Introduction to the System Administrator

The system administrator can configure system security policies, implement rights- and domain-based management, restrict IP addresses that can access eReplication, implement real-time monitoring, and manage online administrators.

By default, eReplication provides six user levels, namely, admin, administrator, operator, auditor and NBIRole. Table 1 describes permissions of each user level.

**Table 1** Description of user permissions
User Role	Permission
admin	Default administrator admin provided by the system. User admin has permissions for all operations and can manage all resources and users, and it cannot be deleted.
administrator	Admin Role users. Have permissions for all eReplication operations except for configuring the admin and Admin Role users.
operator	Operator Role users. Such users have the following permissions: View and refresh resources and all operation permissions of the sites All operation permissions of the protected groups All operation permissions of the recovery plan All operation permissions of monitoring View on-line administrators, view and configure the system performance, all operation permissions of data maintenance, view and export system operation logs, notify server
auditor	Auditor Role users. Such users only have permissions to view operation logs dump, view and export system operation logs.
NBIRole	Users belonging to Third-Part System User Group. Such users only have permissions to view sites, protected group, view and execute recovery plan.

Rights- and domain-based management, IP address restriction are implemented based on the configuration of administrators and administrator groups.

An administrator group is a set of operation permissions. You can allocate an administrator to an administrator group to make the administrator to inherit the operation permissions of the group.
The system provides default administrator admin. admin has all operation permissions and can manage all resources. Note that admin cannot be modified. You can create an administrator and select an administrator group and resources for this administrator to implement the rights- and domain-based management of eReplication.
You can select the IP address segments that can access eReplication for an administrator to restrict IP addresses that access eReplication.
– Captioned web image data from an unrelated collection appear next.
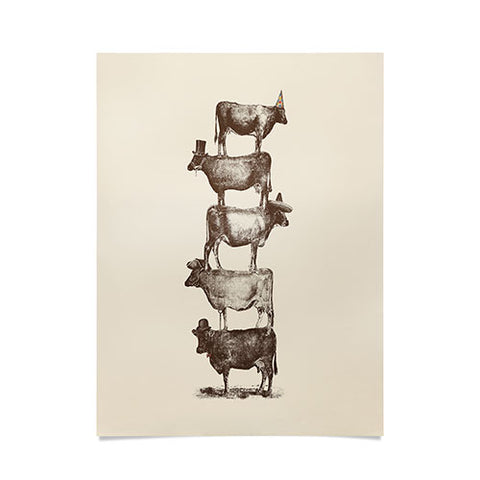 Florent Bodart Cow Cow Nuts Poster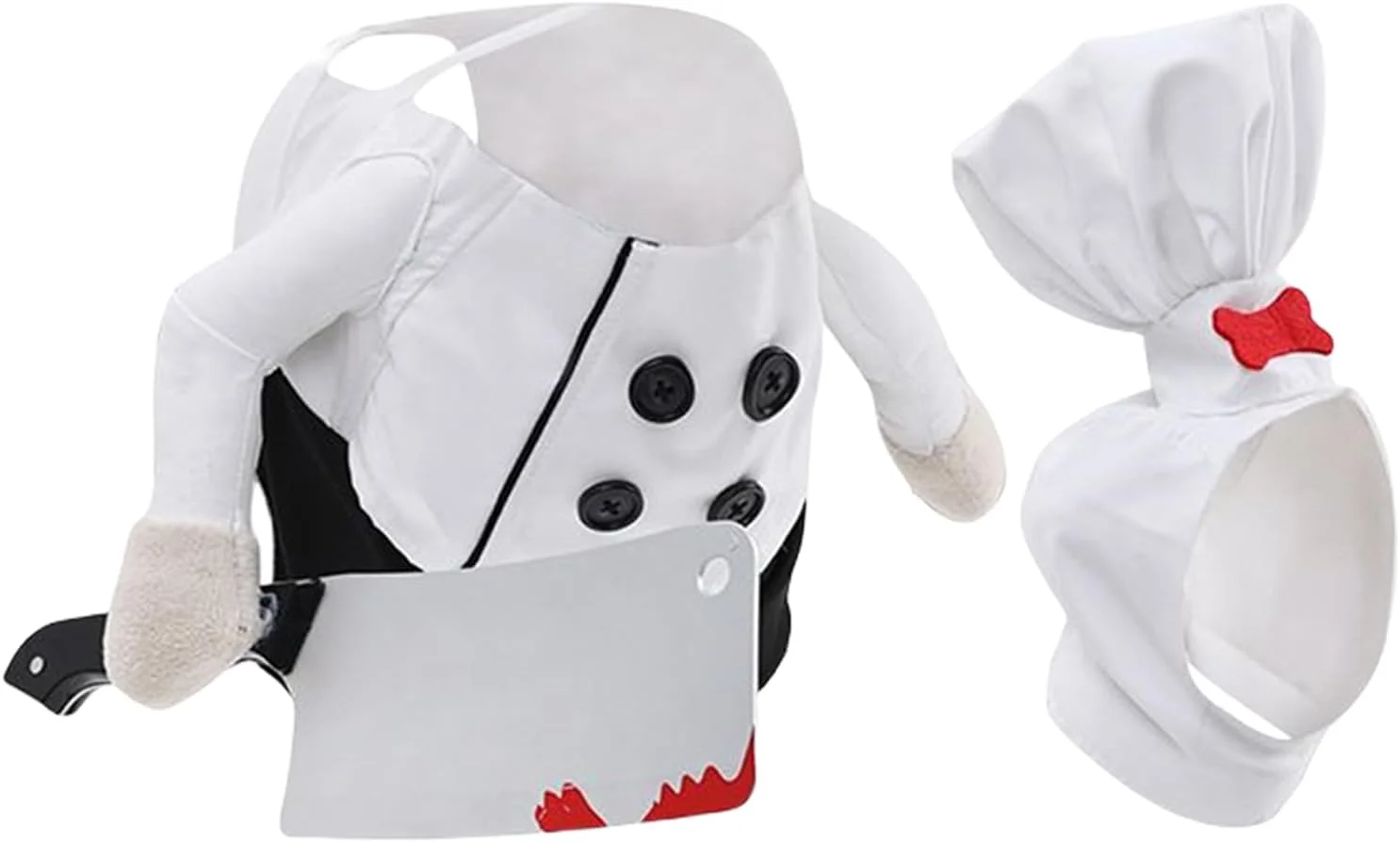 لباس سگ | لباس سرآشپز سگ برای هالووین به همراه کلاه | لباس های قابل تنظیم با کلاه آشپزی لباس های خنده دار حیوانات خانگی برای پیاده روی در فضای باز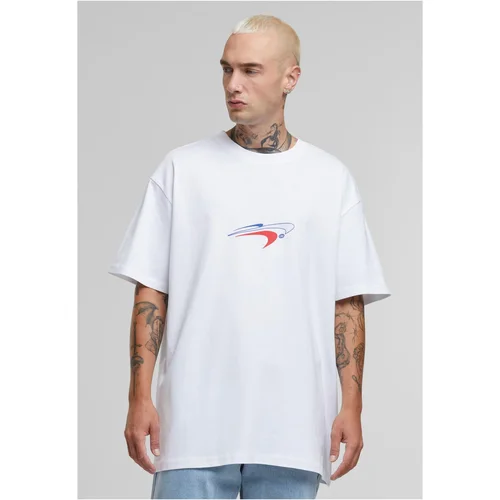 Mister Tee Men's T-shirt Boulevard Barbès white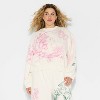 Wicked x Katie Kime Women's Good/Bad Graphic Pullover Sweatshirt - Cream - 2 of 3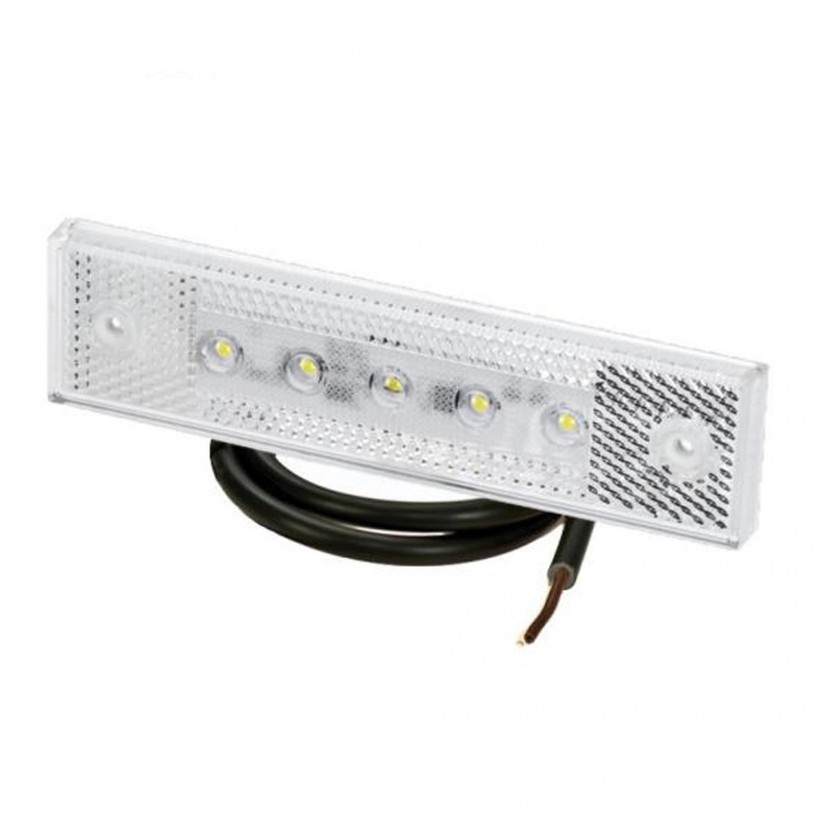 PRO-SUPER-FLAT BIANCO LED 12/24V CAVO 0,5M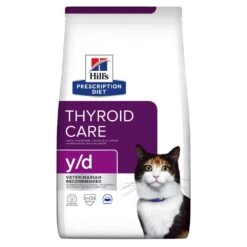 Nouveaux produits 16 Hill's Prescription Diet Y/D ThyroĂŻd Croquettes Pour Chat Au Poulet - 3Kg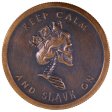 (image for) Freedom Girl / Slave Queen Double Sided (2014 Silver Shield) 1 oz .999 Pure Copper Round (Black Patina)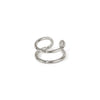 Copper Simple Korean Fashion Double-Layer Line Single Ear Clip Temperament Trend No Pierced Jewelry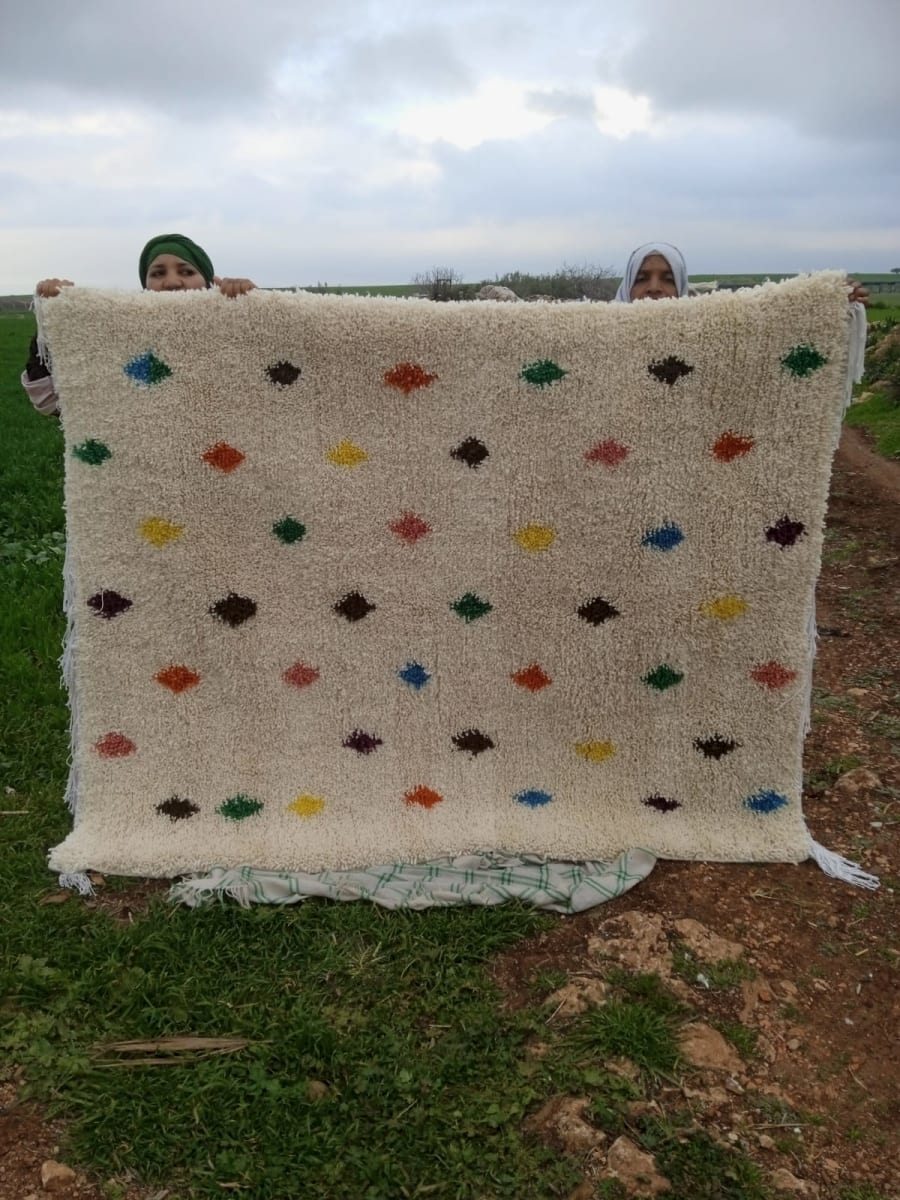  A rug  Colored Morocco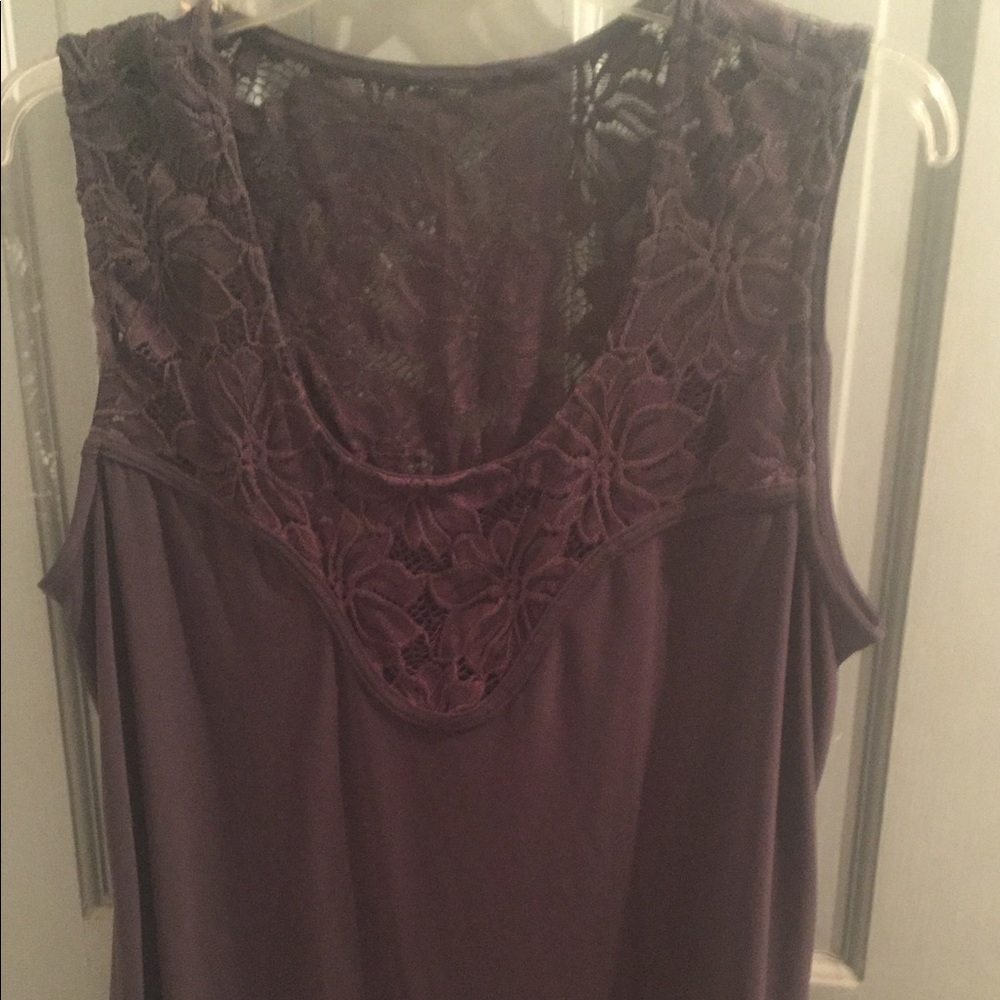 Dark grey sleeveless Blouse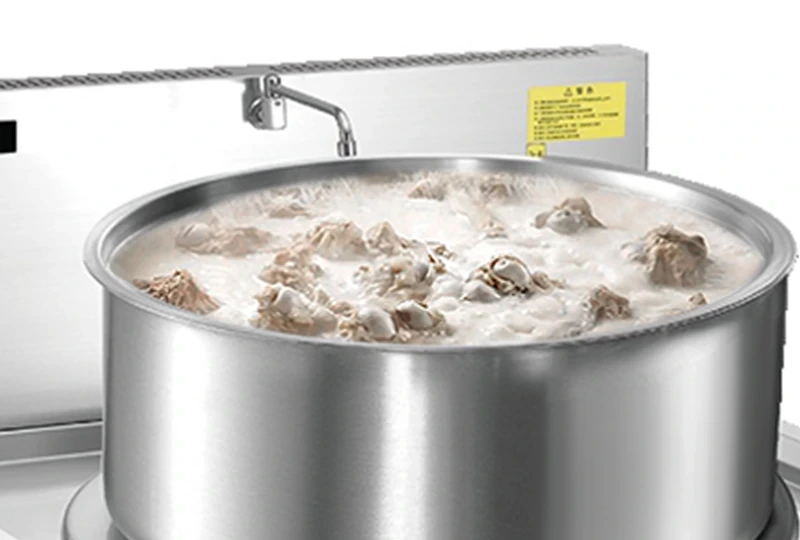Large capacity induction soup kettle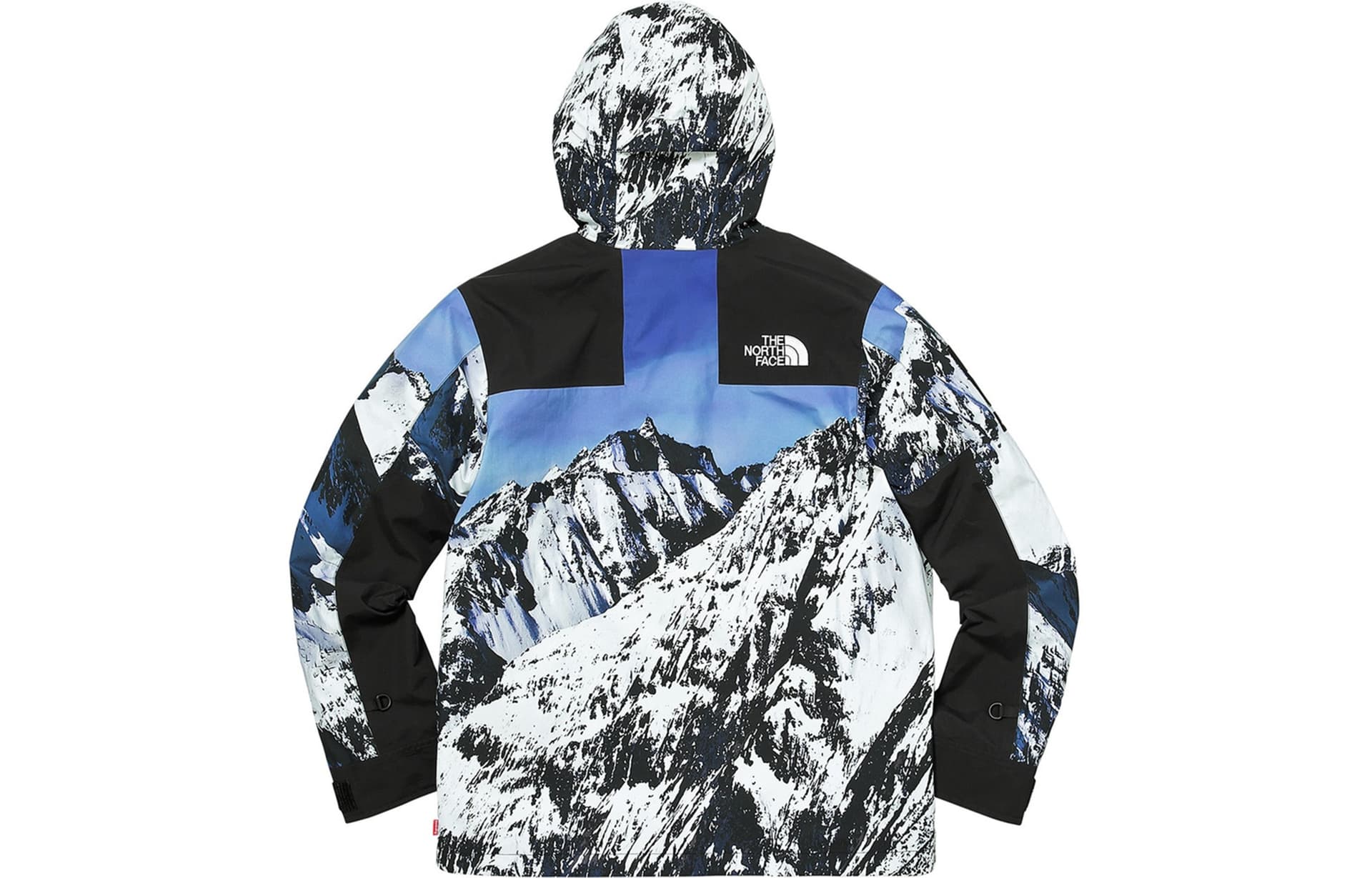 Демисезонная куртка Supreme x The North Face Mountain Parka Blue - изображение 2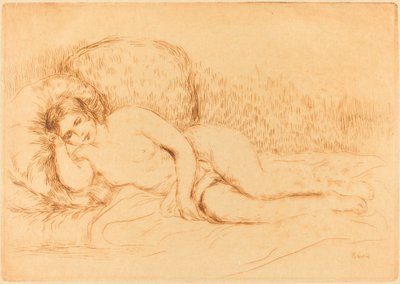 Woman Reclining by Pierre Auguste Renoir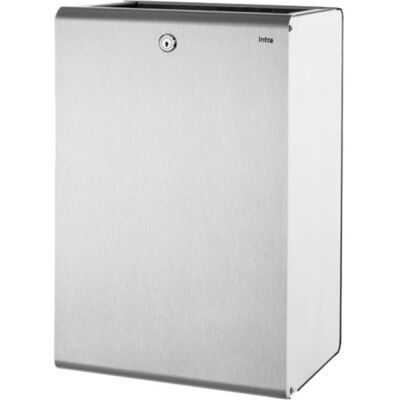 Intra Ica3 Toiletspand, 27 Liter, Rustfrit Stål Intra Ica3 Toiletspand, 27 Liter, Rustfrit Stål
The system security policy contains the password policy, session timeout threshold, maximum number of user connections, and login policy. The detailed information is as follows:

The password policy defines the minimum length and complexity of the passwords of the system administrators.
The session timeout threshold refers to the period when it is exceeded the session between the system administrator and eReplication is interrupted. Any operations of the system administrator on the eReplication interface will make the timeout threshold counting start from 0 again.
If the system administrator does not perform any operation within the timeout threshold after logging in to eReplication, the current session is interrupted. If the system administrator needs to perform operations on eReplication after the interruption, it needs to log in to eReplication again.
The maximum number of user connections limit the number of sessions of users that log in to eReplication concurrently. If the number of user sessions exceeds the upper limit, no more user can log in to eReplication. This policy applies to man-machine accounts only, and is invalid for machine-machine accounts of the NBIRole role.
The login policy defines the lock period after a specific number of consecutive incorrect passwords are entered when the system administrator attempts to log in to eReplication.